WORK ORDER
Write out exactly the lines below starting at the one containing "Straw hat - Picture 2 of 3" and ending at the one containing "Unit for sale". Omit every picture.

EXTRACTED RECORDS
+ + + + +

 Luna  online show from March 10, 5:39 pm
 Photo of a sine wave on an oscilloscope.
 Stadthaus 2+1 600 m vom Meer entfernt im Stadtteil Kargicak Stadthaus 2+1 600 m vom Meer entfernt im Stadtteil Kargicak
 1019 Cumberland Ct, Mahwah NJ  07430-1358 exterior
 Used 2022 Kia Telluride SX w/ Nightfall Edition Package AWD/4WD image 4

+ + + + +

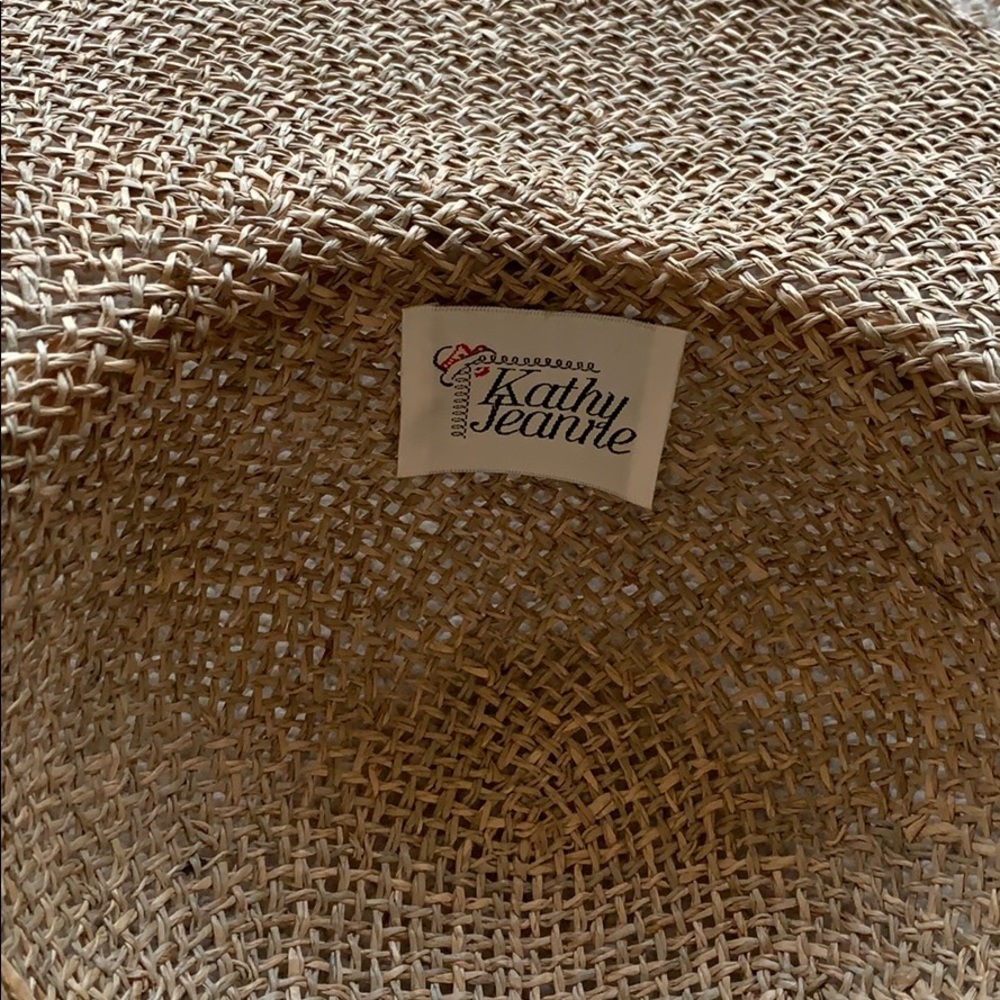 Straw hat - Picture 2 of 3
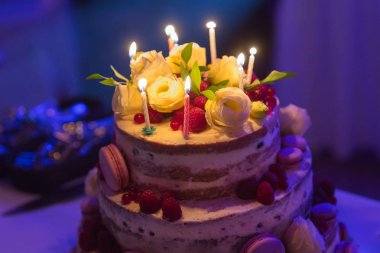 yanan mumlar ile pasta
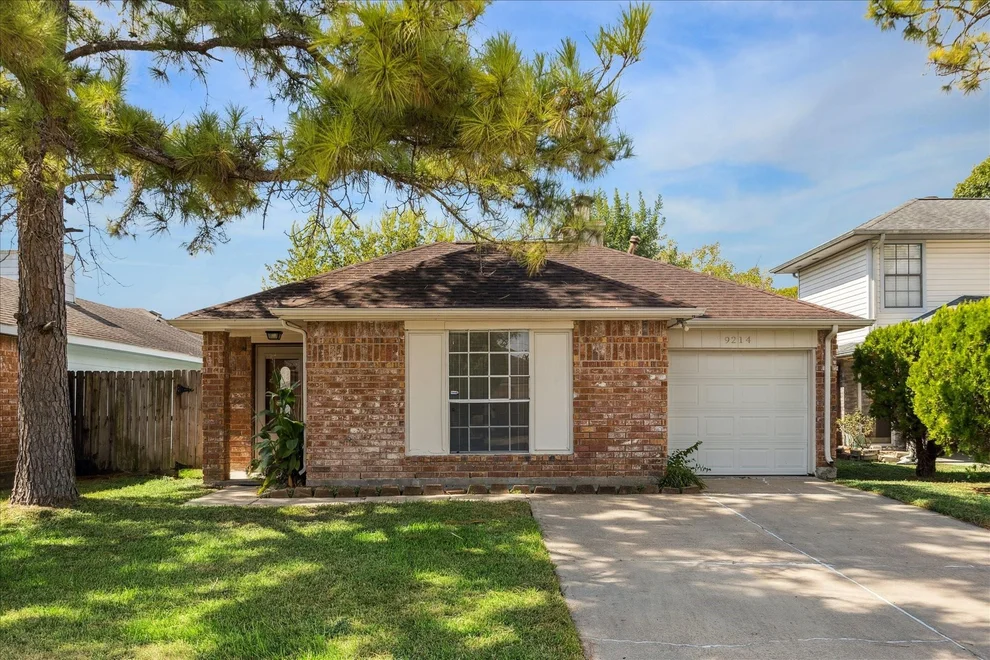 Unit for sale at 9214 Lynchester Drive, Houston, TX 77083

+ + + + +

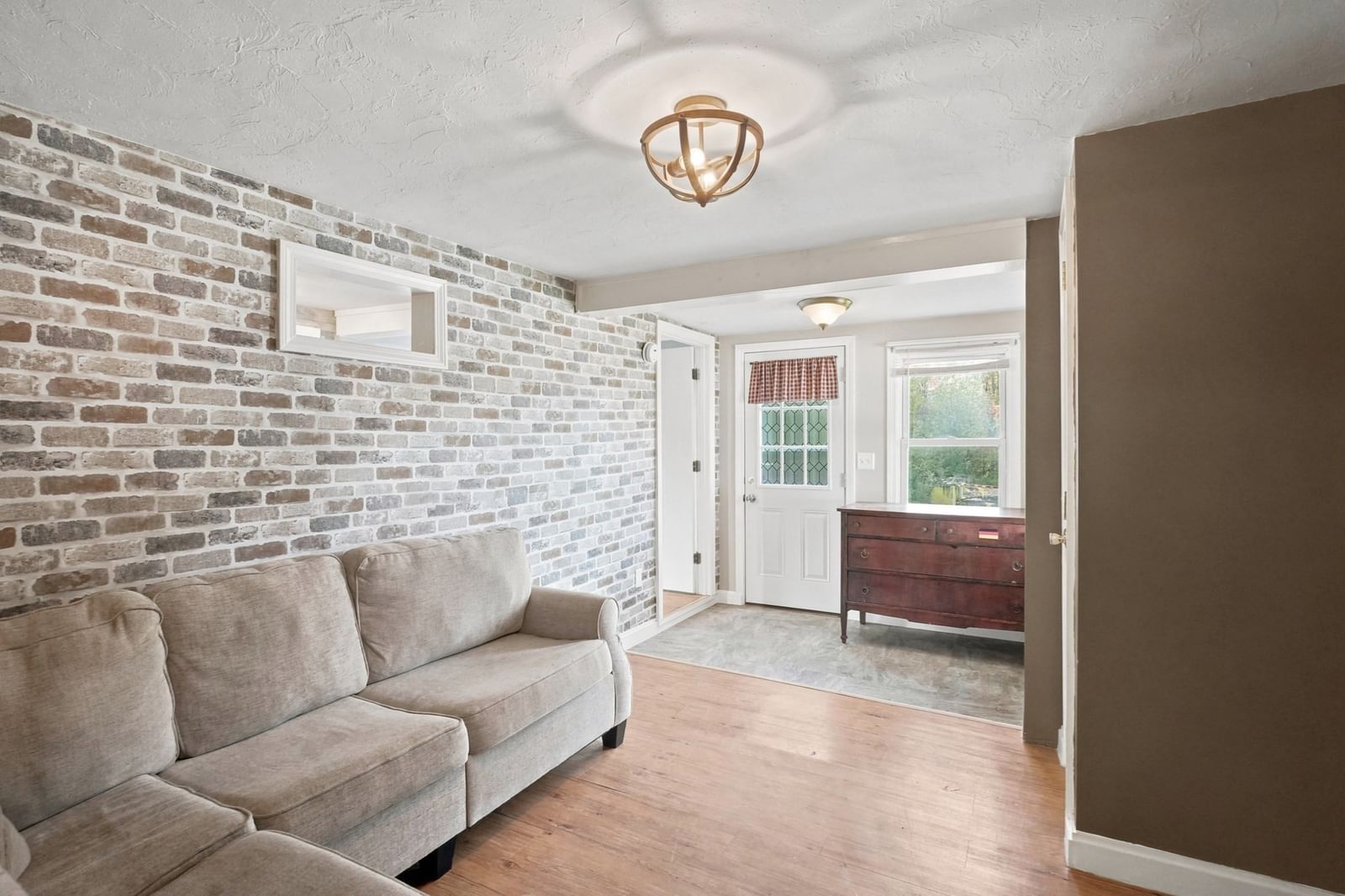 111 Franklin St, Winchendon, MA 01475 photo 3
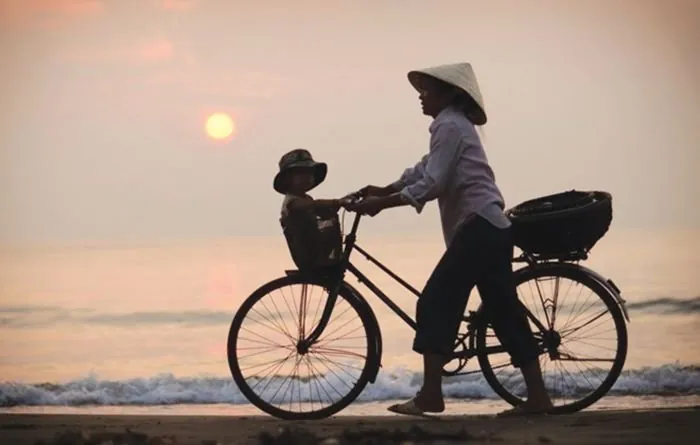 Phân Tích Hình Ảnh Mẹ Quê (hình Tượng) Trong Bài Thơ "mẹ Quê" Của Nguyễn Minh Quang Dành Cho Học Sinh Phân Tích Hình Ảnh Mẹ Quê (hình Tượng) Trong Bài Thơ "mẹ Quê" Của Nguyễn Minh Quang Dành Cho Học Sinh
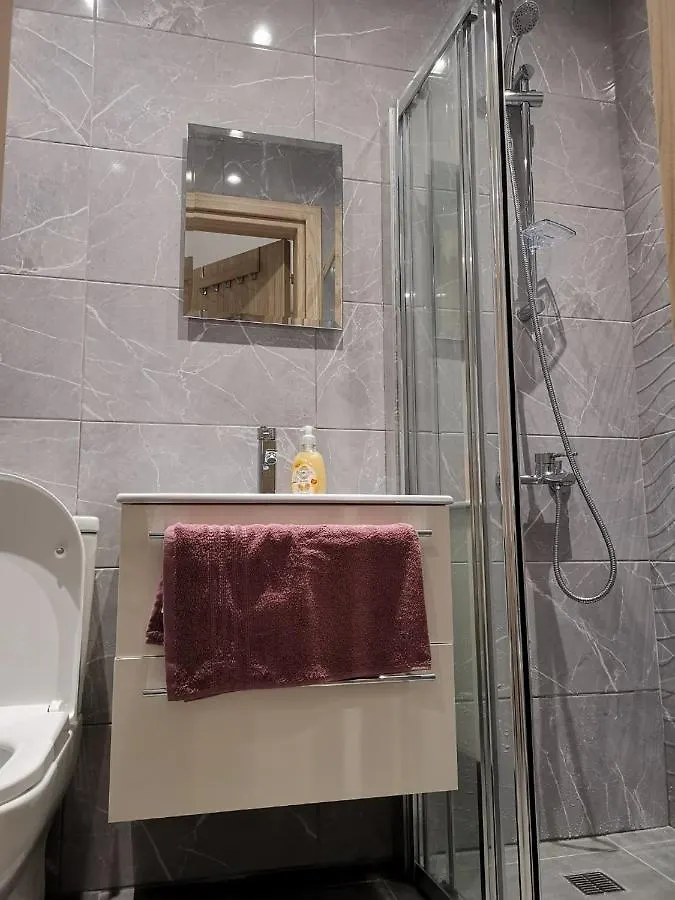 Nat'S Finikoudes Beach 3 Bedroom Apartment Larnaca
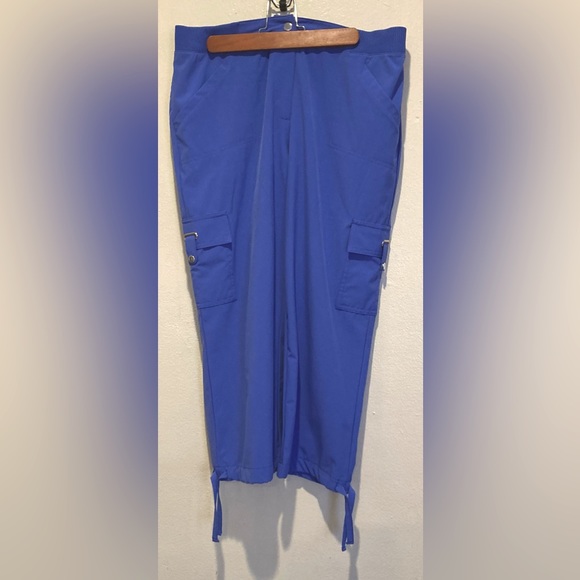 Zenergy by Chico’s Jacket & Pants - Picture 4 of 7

+ + + + +

ANSWER FOR THE TASK
 Straw hat - Picture 2 of 3
 yanan mumlar ile pasta
 Unit for sale at 9214 Lynchester Drive, Houston, TX 77083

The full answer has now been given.